Thursday, May 1, 2014

Janeczko Collection



Janeczko, Paul B. 2005. A Kick in the Head: an everyday guide to poetic forms. Ill. by Chris Raschka. Cambridge: Candlewick Press. ISBN: 076360662-6.

Book Review:

Paul Janeczko (how do you pronounce his name?) has become a favorite author/anthologist of mine, though there are many other poets who call to me regularly now with their works.  In this collection, which won the Claudia Lewis Award for poetry in 2006, Janeczko provides a short and sweet education on a variety of poetic forms, expressed through 29 poems by various traditional and contemporary poets.

Chris Raschka, who also collaborated on Janeczko’s A Poke in the I, creatively uses fabrics, torn paper collages and splashes of colorful pen and ink in illustrating the various poems in the collection; many illustrations are humorous, but a few also echo the gravity of the subject matter.  One ingenious addition: at the top of each page, Raschka adds clever pictorial clues which signify the number of syllables or lines used in the various poetic forms. 

From Ogden Nash, William Blake and Shakespeare to the more contemporary Gary Soto, Georgia Heard and X.J. Kennedy, Janeczko provides examples of traditional poetic forms like the couplet, tercet, quatrain and haiku to more obscure forms like the double dactyl, triolet, villanelle and pantoum.  Included with each poem is a definition of the form (in curiously tiny print), that describes the number of lines, rhyme scheme or syllable limits. 

There are also poems representing an ode (to Pablo’s shoes); an elegy to a tired little girl (“here lies resting, out of breath,/out of turns, Elizabeth;” and a clerihew, a poem that is made up of two rhyming couplets poking fun at a celebrity: (“Edgar Allan Poe/was passionately fond of roe./He always liked to chew some/When writing anything gruesome”).

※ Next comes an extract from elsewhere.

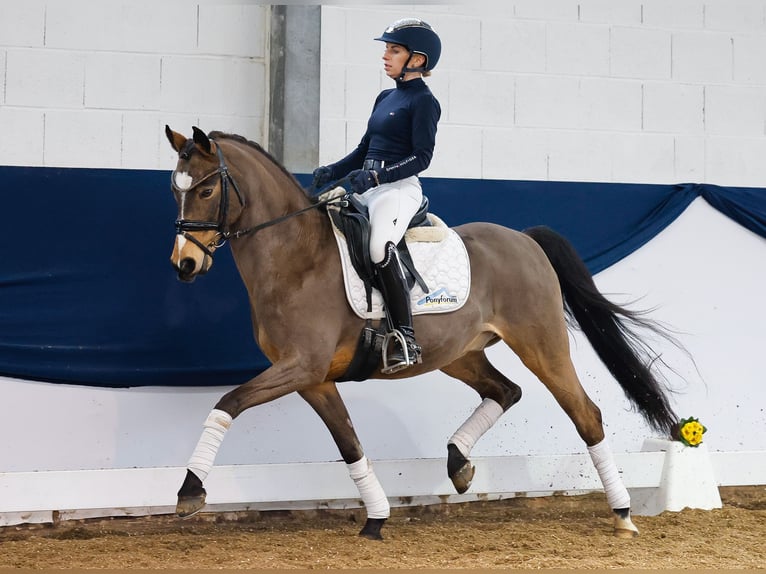 Deutsches Reitpony Wallach 12 Jahre Falbe in Marsberg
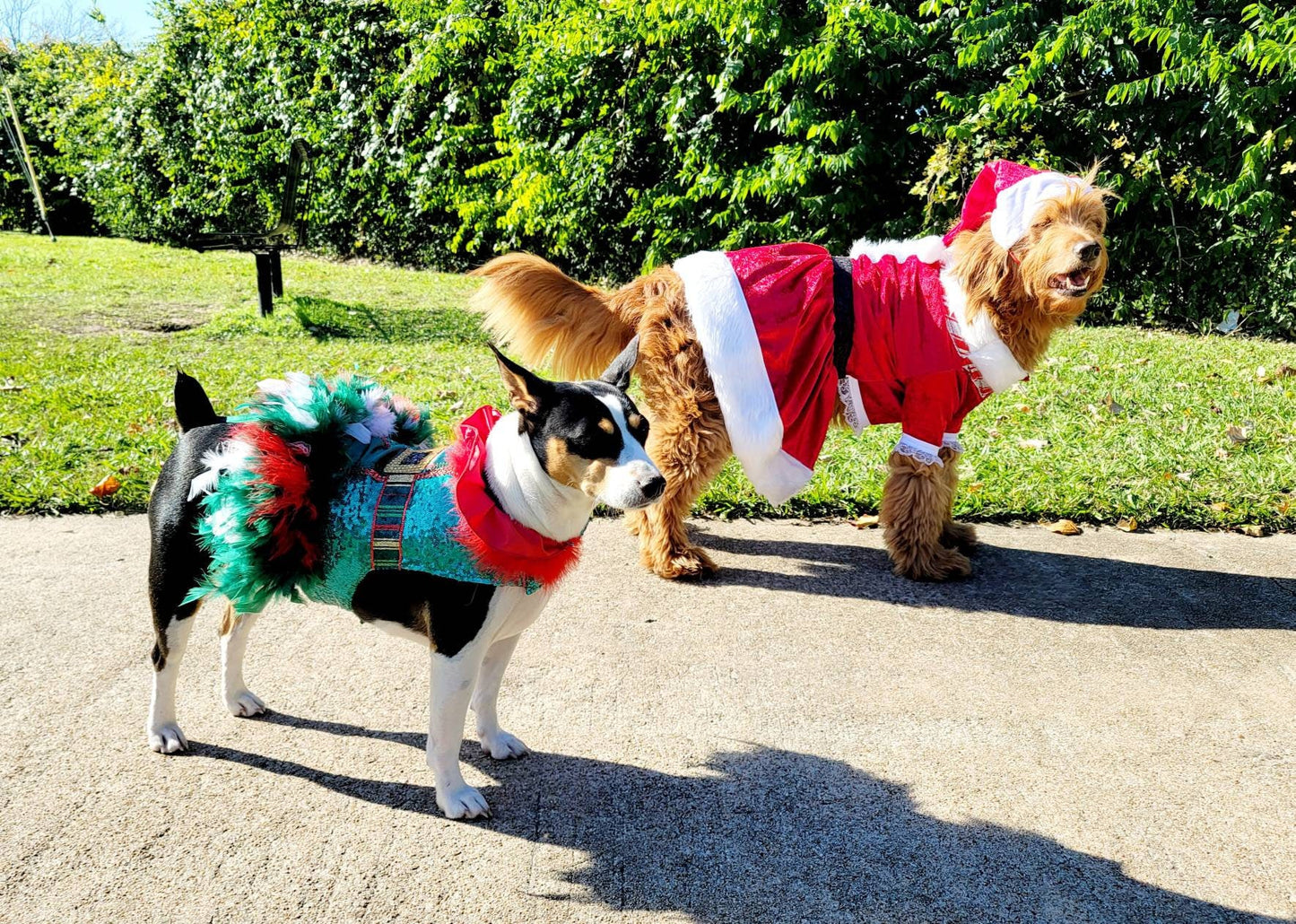 Miss Claus pet suit, miss Claus pet dress, female santa pet costume, miss Claus dog cat costume, holiday pet costumes, dog miss Claus dress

Janeckzko discusses in his introduction that poetic rules make writing poems more challenging and more exciting.  “Knowing the rules makes poetry – like sports- more fun for the players and spectators alike.”  In browsing through this collection, it does indeed cause the reader to pause and focus to make sure that the poem examples given follow the rules described.  Does that haiku have 17 syllables, arranged in lines of 5, 7 and 5; does the cinquain have 22 syllables in lines of 2-4-6-8-2?  And what about that pantoum? Can you figure out the scheme?  Can you write one?  There is much fun to be had and information to be gleaned from this clever collection.

Sharing the Poetry:

The benefits of this collection for a classroom are plentiful.  Children can see examples of poetic forms to jump start their own efforts.  Many of the poems are fun to hear and read out loud, and the illustrations make browsing a pleasure.  Students could make their own book of poems containing some of these poetic forms and illustrate them by their own drawings or copy-right free images from Google as backgrounds. 

Selected Poem:

I was particularly fond of April Halprin Wayland’s clever and humorous version of Shakespeare’s Sonnet Number Twelve, which appears on a facing page from the original sonnet on page 29:

When I do count the clock that tells the time
And see my whole day gone and all its light;
When I sort out this sonnet’s classic rhyme
And try to comprehend with all my might;
When it occurs to me that I’ll be teased
By fellow students after they have heard
My sonnet said upon these trembling knees
My fervent wish?  That I’m disguised (with a beard).
Then of my wisdom do I question make.
What was I thinking when I said I’d try
For Drama Club – was I not yet awake?
Now I must climb from this black hole hereby;
For nothing ‘gainst Mr. J can make defense
Save bribes, to brave him when he hears me hence.